Нарисованный романс

Юрий Романов
Нарисованный романс
«Как молоды мы были,
как искренне любили!»
Глава 1. Расширение кругозора
Когда я пишу эти строки, то передо мной проплывают, прежде всего, каждая крупица воспоминаний детства, отрочества и юности, вызывающие волны волшебных ассоциаций…
Я, как и большинство дачников по Савёловской дороге, жил на даче круглый год с мамой, бабушкой и дедом, жил на даче зимой и летом. О существовании отца ничего не знал, и никто мне о нём не рассказывал. Время было суровое, но мне казалось, что всё идёт как надо…
Однажды собрались наши соседи собрались, чтобы послушать важное радиосообщение. В комнате было темно, но радиоприёмник мягко светился. Внезапно раздался голос с акцентом, и все затихли…
Скоро соседи снова собрались, но уже на крыльце нашей террасы. Все шумели и с любопытством смотрели вверх. Там в паутине прожекторов метался большой самолёт… Через некоторое время все вдруг закричали: «Поймали! Поймали!..»
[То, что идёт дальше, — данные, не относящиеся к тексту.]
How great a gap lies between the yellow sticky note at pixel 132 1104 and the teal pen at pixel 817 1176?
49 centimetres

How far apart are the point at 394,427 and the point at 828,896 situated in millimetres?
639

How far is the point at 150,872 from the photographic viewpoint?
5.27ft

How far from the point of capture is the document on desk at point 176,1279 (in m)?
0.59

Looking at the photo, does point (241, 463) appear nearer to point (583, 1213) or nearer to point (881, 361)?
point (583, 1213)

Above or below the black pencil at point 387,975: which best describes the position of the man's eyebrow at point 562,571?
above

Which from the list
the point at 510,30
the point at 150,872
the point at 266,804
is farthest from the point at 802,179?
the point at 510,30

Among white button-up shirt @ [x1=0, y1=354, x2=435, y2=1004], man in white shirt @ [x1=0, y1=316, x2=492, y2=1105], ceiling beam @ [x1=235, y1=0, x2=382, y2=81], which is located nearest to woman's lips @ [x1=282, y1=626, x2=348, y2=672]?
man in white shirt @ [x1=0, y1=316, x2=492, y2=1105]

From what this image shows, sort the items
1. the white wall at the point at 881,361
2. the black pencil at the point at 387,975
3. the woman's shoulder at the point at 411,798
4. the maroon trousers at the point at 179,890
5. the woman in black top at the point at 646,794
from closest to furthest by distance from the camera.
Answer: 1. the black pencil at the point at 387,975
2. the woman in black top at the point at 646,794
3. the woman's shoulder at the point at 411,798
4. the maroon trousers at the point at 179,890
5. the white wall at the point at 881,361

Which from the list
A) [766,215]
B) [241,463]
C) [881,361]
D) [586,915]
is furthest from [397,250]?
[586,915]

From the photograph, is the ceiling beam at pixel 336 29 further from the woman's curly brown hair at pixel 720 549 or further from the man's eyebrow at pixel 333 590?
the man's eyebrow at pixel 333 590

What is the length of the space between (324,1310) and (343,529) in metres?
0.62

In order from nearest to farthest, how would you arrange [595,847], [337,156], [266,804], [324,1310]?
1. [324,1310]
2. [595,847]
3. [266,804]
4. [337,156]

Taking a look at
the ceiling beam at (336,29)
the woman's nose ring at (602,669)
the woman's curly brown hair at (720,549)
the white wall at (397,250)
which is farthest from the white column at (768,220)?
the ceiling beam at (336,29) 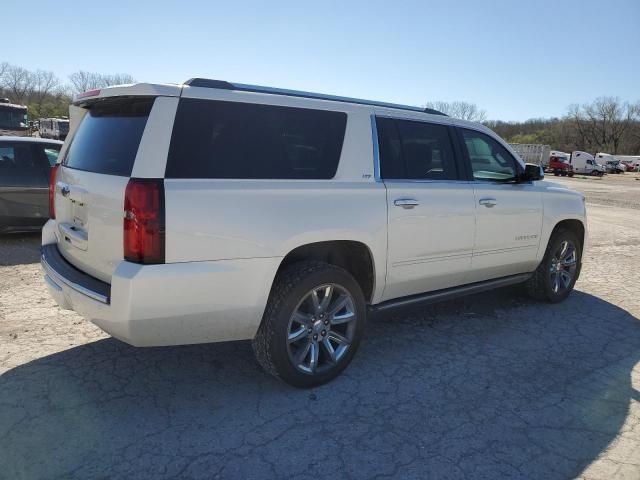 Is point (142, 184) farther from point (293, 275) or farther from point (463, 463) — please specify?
point (463, 463)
Раньше я ничего не мастерил, кроме попыток что-то изобразить на бумаге цветными карандашами – это у меня от мамы. Но уже следующее лето дед разрешал мне мастерить и делать разные поделки и даже показал, как пользоваться его молотком и гвоздями. В последствии эти навыки я использовал для изготовления сабель, планеров и парусных макетов, которые затем относил в детский сад и раздавал ребятам для проведения придуманных мною различных игр.
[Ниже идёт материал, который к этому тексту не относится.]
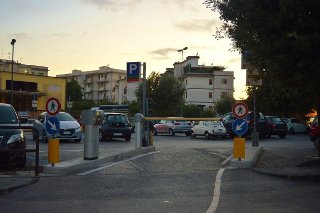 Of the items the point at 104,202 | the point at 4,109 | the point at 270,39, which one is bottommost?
the point at 104,202

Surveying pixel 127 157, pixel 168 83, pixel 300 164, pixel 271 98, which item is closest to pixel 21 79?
pixel 168 83

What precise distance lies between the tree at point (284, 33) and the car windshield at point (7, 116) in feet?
22.2

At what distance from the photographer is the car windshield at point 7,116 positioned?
44.1 feet

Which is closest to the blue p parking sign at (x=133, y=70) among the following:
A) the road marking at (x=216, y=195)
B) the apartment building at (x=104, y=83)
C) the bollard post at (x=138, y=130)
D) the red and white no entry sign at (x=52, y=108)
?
the bollard post at (x=138, y=130)

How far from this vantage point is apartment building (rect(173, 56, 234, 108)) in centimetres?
8300

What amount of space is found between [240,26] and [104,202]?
726 cm

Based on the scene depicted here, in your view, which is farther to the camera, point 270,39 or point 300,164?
point 300,164

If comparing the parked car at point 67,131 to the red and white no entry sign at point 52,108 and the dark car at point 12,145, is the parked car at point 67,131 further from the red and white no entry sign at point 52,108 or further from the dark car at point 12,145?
the red and white no entry sign at point 52,108

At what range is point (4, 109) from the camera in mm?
13875

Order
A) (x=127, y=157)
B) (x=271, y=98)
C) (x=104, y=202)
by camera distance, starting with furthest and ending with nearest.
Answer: (x=271, y=98) < (x=127, y=157) < (x=104, y=202)

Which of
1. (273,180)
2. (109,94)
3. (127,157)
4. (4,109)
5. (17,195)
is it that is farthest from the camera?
(109,94)

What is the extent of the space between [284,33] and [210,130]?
70.9 feet

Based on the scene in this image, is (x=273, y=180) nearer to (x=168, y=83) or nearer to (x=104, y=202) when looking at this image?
(x=104, y=202)

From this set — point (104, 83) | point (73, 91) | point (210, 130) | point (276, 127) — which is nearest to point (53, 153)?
point (210, 130) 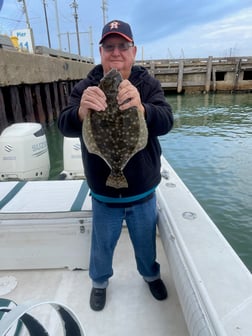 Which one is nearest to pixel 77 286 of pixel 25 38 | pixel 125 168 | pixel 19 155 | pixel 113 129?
pixel 125 168

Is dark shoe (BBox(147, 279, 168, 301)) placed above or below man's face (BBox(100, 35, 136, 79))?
below

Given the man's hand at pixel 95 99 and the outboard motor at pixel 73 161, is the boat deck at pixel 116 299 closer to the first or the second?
the man's hand at pixel 95 99

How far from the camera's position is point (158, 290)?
2.53 m

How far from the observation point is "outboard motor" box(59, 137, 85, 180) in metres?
5.13

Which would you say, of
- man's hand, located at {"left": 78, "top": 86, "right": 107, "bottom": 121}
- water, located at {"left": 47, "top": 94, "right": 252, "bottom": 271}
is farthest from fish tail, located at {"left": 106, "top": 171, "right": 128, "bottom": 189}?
water, located at {"left": 47, "top": 94, "right": 252, "bottom": 271}

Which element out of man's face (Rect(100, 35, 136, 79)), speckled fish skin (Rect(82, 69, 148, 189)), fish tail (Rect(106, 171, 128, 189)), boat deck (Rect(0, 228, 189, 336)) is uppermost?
man's face (Rect(100, 35, 136, 79))

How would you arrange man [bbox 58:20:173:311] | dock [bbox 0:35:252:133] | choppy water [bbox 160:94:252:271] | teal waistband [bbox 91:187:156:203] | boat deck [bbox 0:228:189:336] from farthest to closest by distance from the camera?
dock [bbox 0:35:252:133]
choppy water [bbox 160:94:252:271]
boat deck [bbox 0:228:189:336]
teal waistband [bbox 91:187:156:203]
man [bbox 58:20:173:311]

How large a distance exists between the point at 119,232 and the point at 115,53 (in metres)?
1.37

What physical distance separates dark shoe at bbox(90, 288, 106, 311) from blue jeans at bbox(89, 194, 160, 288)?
13cm

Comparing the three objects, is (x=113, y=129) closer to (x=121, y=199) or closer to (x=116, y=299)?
(x=121, y=199)

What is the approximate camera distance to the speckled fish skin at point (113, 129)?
160 cm

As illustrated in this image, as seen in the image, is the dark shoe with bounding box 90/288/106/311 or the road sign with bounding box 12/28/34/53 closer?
the dark shoe with bounding box 90/288/106/311

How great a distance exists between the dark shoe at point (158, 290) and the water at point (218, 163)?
2.21 meters

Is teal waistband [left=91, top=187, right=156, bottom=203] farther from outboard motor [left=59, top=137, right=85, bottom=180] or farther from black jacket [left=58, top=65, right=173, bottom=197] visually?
outboard motor [left=59, top=137, right=85, bottom=180] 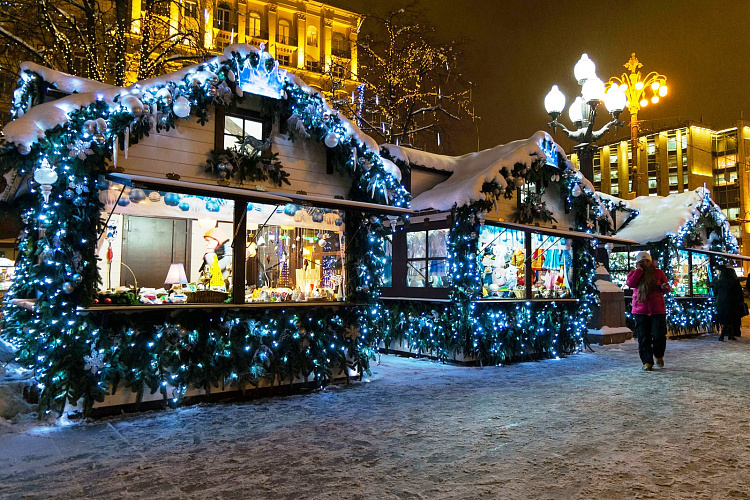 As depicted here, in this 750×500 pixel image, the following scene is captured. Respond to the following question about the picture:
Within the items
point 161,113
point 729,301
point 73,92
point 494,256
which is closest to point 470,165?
point 494,256

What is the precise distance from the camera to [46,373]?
621cm

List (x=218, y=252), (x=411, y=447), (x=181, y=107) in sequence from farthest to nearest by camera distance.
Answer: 1. (x=218, y=252)
2. (x=181, y=107)
3. (x=411, y=447)

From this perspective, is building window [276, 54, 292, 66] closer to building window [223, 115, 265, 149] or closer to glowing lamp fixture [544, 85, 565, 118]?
glowing lamp fixture [544, 85, 565, 118]

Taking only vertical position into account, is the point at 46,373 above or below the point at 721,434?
above

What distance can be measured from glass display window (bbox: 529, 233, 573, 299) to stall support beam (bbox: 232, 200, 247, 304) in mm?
6651

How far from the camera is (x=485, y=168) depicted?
11188mm

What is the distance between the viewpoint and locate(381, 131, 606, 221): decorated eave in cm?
1055

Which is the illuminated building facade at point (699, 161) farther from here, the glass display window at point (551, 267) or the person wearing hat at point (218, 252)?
the person wearing hat at point (218, 252)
Однажды, когда у нас ремонтировали печку, работники неожиданно куда-то ушли. Мне понравилось, что они, закончив своё дело, оставили глину и инструменты. Это обстоятельство так вдохновило меня, что из оставшейся глины я соорудил большой танк. Я был доволен своим творением и, не дожидаясь, когда глина высохнет окончательно, покрасил его зелёной краской, изобразив какое-то подобие красной звезды на башне… Дед, пришедший с работы, меня не ругал, а даже похвалил, но танк убрали и больше никогда не подпускали к глине. Возможно, эти обстоятельства подорвали мою тягу к созданию более фундаментальных скульптур…
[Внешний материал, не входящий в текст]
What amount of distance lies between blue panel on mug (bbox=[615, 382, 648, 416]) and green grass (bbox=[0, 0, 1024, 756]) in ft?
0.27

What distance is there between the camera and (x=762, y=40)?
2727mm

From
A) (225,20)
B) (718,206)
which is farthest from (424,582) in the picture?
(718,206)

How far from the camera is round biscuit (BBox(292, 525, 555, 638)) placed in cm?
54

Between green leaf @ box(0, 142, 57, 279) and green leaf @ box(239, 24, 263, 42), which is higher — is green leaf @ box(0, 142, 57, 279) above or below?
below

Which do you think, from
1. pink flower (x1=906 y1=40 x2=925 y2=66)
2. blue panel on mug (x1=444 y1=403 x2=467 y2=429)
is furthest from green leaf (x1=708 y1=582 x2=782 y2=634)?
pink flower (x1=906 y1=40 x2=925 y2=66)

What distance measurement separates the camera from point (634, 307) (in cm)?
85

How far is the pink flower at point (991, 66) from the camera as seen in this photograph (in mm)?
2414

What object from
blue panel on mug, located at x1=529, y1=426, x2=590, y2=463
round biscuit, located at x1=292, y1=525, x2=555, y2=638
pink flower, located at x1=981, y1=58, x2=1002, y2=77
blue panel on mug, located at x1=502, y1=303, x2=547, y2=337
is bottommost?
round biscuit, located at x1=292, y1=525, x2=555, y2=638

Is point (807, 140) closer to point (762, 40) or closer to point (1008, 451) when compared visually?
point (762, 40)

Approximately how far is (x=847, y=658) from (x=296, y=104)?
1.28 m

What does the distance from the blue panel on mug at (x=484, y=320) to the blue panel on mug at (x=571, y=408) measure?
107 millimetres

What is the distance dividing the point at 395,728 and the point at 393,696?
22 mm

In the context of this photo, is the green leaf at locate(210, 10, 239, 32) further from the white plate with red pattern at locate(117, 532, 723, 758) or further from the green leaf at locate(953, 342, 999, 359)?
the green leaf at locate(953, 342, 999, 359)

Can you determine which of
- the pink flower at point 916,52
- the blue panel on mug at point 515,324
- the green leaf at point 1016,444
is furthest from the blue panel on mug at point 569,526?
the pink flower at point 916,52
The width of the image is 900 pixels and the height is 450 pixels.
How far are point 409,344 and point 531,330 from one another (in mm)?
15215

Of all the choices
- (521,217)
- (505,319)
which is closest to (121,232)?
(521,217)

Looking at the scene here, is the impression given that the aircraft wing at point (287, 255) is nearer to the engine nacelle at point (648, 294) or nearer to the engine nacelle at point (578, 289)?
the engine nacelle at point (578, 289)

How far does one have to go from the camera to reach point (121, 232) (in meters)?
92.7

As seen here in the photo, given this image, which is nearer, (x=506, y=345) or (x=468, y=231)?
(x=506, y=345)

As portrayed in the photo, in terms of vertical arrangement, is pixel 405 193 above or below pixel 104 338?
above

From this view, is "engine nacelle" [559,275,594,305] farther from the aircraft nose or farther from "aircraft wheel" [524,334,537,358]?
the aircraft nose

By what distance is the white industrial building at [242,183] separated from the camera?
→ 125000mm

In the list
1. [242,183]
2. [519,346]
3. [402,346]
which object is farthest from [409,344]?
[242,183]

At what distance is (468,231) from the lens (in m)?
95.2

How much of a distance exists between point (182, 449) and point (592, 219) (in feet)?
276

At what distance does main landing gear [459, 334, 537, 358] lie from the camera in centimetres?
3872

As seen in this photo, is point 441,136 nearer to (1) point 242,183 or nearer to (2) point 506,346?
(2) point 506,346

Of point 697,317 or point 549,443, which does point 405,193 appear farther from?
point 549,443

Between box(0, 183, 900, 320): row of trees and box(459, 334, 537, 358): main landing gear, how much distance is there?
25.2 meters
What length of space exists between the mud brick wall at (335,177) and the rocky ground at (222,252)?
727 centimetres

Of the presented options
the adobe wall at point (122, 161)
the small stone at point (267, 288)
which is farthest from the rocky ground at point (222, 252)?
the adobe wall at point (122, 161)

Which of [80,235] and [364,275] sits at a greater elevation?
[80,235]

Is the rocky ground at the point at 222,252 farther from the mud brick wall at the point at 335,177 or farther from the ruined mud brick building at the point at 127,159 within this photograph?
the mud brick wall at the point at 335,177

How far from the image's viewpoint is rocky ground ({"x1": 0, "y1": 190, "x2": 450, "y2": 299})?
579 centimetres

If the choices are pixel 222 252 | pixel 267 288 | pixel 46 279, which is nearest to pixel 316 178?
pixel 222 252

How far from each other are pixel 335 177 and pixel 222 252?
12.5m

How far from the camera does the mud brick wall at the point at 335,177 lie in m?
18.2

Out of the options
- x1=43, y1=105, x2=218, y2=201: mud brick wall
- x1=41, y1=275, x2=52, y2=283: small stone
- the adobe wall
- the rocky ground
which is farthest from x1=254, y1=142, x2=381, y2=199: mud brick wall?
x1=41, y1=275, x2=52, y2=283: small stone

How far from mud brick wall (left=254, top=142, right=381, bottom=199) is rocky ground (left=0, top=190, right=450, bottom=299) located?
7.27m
Теперь мама отвозила меня на продлёнку в детский сад, расположенный где-то в районе московского института «МИИТ». Раз в неделю, по окончании продлёнки, она, будучи главным бухгалтером «Фабрика кухня», забирала меня из садика на работу, чтобы завершить свои расчёты. Затем, поздно вечером, мы ехали на «дачу». Такой распорядок позволял мне кататься по длинному коридору бухгалтерии на деревянных счетах с «колесиками» и не мешать маме заканчивать свои дела…
Однажды в воскресенье к нам пришла учительница, чтобы записать меня в школу, но я, не испытывая никакого желания учиться, спрятался под кровать. Меня старались оттуда выманить, соблазняя тем, что в школе много ребят и девочек, с которыми можно будет играть на переменах. На это я сообщил, что девочки меня вообще не интересуют!..
Подошло первое сентября. По утрам уже было свежо, и трава, щедро осыпанная крупными кристаллами снежинок, местами блестящими, как бриллианты, сильно «бодрила» ноги. На нашей улице таких, как я, набралось пять человек… В моём первом классе «А» мальчишек оказалось намного меньше, чем девчонок. Нас направили в деревянную одноэтажную школу с большой кирпичной печкой.
Специальных истопников не было, и учителям часто самим приходилось пилить и колоть дрова. Впоследствии через родителей выяснилось, что я обладаю некоторыми навыками пилки дров. Учителям казалось, что я покрепче учеников даже старших – видимо, сказывалась пилка дров на «даче» для своей печки. Так с их лёгкой руки я стал частенько приобщаться к непрофильной «учёбе».
В этой «Деревяшке», как её величали ученики, существовала странная традиция – перед началом занятий обязательно между школярами должна была происходить драка хлебниковских ребят с шереметьевскими.
Побеждённые в драке в последующие дни обязаны были драться за тех, кто их победил. Поскольку я был не из слабеньких, то меня часто, уже на станции у вагона, встречали ребята из младших классов и с криками: «Наших бьют!» – забирали мой портфель и несли его в школу, чтобы я мог быстрее добраться до места драки и успеть поучаствовать в этих странных мальчишеских состязаниях…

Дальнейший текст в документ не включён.